[REBOL] Re: Enhancement - valid [scheme]? words
From: holger:rebol at: 14-Feb-2001 10:36
On Mon, Feb 12, 2001 at 03:48:07PM +1300, Andrew Martin wrote:
> which return true for wellformed schemes. So that:
> http? http://www.pearl.com?
> would return false, while:
> http? http://www.rebol.com
> would return true.
I don't think that would work the way you want. Consider
http? http://www.pearl.com/?
Is that valid or not ? Probably yes. Browsers certainly accept it, and some
sites (e.g. www.cnn.com) actually use the "?" at the end for internal links
in some situations.
If you want to be able to highlight URLs in, e.g., emails, then what you really
want is not a wellformedness test, but rather a set of heuristics that help you
determine the likely end of a URL within a text stream. Typically the end of the
URL is marked by whitespace, but if your URL is embedded into ordinary English
language text then you may want to account for the most common sentence delimiters
used in the English language as well, and strip them off the end of any recognized URL.

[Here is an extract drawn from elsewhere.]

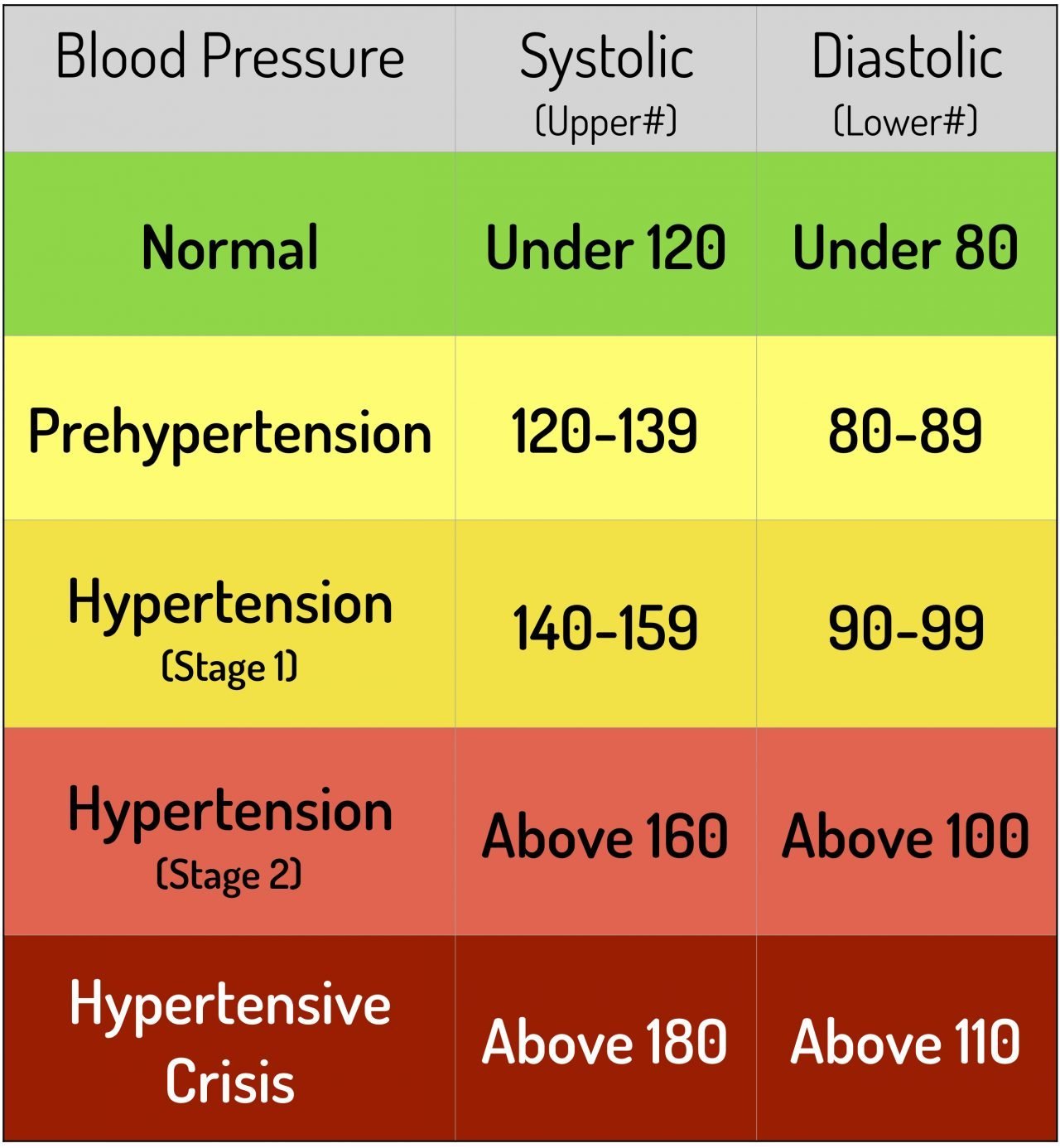 Blood Pressure Chart and 5 keys to healthy Blood Pressure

For instance if the last character of a URL before whitespace in an email is a
?
then this is most likely a real question mark, not part of the URL, regardless
of whether a "?" at the end of a URL is valid. Same thing for ",", "." etc.
That kind of determination is heuristic in nature though, and cannot be derived
from URL grammar rules. The exact set of heuristics would depend on the context,
e.g. the language of the surrounding text. This can actually get very complicated.
Look at the two examples
"Have a look at http://www.example.com/? for a great time."
"Have you seen http://www.example.com/? Looks cool."
In the first case the "?" appears to be part of the URL, in the second it does not.
--
Holger Kruse
[holger--rebol--com]